Dans les milieux chics qui ont été aux écoles et se la pètent, à l'énoncé des mots poupée et désarticulée, on sort sa carte Bellmer. Cambembert, comme on dit au Trivial Pursuit.

Les femmes de Bellmer m'ont toujours dérangée. Je n'ai pas envie de les voir. Je les connais pourtant, comment y aurais-je échappé ? Je me demande même si entre un coucher de soleil sur quelque plage pacifique, un Che en béret et un Freud à femme, le poster Bellmer n'a pas trôné au top ten des affiches convenues pour chambre de bonne d'étudiant frais émoulu.

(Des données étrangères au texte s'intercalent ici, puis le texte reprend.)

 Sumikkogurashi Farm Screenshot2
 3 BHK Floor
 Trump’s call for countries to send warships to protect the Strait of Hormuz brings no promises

Dans les milieux intellos qui ont été aux séminaires et qui l'étalent, à l'énoncé des mots poupée et désarticulée, on brandit son Lacan. Apporte-moi le stade du miroir, que je tâte mon corps morcelé.


Photo Etsuko Miura

Le bondage m'a souvent fait cet effet là. Par les liens coupants, par l'occultation de certaines parties du corps, par le jaillissement provoqué et surnaturel d'autres, par l'annulation du mouvement, par la position forcée, il me morcelle et me désarticule.

Cambrée au delà du raisonnable, écartelée comme si j'allais être rouée, dissociant mes seins ou ma vulve de mon tronc, le bien nommé tant mes membres oubliés, suis-je, un instant seulement, une des ces poupées cassées ? Est-ce à cause de mon plaisir, avant, pensant et après l'instant seulement, qu'elles me mettent si mal à l'aise, et que je ne peux m'empêcher de les regarder ? Et que j'évite de me regarder captive de tes cordes de toutes couleurs.